■ **Aim of the exercise**: Only the lines holding the word "Linen" are wanted; copy each of them from the listing.
• • • • •
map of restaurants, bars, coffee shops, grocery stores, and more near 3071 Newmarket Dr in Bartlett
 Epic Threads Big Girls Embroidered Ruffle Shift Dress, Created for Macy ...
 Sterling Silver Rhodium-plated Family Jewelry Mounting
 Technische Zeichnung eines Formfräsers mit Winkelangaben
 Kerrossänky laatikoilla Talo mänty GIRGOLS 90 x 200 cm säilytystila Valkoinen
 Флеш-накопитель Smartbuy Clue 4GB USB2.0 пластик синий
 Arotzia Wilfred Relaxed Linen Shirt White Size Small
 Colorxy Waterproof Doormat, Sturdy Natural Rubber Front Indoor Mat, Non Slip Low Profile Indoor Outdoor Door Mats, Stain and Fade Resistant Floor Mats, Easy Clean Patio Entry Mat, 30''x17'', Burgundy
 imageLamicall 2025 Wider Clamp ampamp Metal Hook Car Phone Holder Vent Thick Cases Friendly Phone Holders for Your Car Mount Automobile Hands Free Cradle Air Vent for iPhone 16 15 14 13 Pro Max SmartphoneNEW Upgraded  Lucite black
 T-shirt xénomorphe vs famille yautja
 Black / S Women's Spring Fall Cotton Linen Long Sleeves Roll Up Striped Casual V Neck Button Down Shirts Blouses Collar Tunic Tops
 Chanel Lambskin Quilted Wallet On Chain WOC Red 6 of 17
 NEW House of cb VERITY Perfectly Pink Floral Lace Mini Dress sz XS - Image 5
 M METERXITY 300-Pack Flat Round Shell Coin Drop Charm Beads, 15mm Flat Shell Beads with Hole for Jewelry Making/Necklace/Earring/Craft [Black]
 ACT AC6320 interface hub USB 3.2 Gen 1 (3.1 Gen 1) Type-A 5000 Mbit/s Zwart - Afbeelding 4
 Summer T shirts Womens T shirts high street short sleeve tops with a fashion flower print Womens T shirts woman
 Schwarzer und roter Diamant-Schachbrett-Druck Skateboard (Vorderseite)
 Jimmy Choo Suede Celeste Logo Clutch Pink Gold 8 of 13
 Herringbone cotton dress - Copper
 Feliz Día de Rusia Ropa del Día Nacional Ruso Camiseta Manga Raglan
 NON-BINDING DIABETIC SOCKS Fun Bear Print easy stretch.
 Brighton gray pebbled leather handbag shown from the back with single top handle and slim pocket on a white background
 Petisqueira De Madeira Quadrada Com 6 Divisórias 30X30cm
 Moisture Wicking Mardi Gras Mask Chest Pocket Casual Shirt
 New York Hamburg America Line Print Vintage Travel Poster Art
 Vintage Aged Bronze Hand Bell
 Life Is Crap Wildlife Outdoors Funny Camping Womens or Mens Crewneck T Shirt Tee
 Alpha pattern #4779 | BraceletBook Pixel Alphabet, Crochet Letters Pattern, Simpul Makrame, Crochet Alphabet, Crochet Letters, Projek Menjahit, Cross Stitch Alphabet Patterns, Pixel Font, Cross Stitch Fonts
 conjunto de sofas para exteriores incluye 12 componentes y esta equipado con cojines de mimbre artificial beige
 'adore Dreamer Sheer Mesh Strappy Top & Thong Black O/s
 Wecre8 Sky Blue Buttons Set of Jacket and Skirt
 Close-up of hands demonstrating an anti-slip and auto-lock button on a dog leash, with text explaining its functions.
• • • • •
■ **Result**:
 Arotzia Wilfred Relaxed Linen Shirt White Size Small
 Black / S Women's Spring Fall Cotton Linen Long Sleeves Roll Up Striped Casual V Neck Button Down Shirts Blouses Collar Tunic Tops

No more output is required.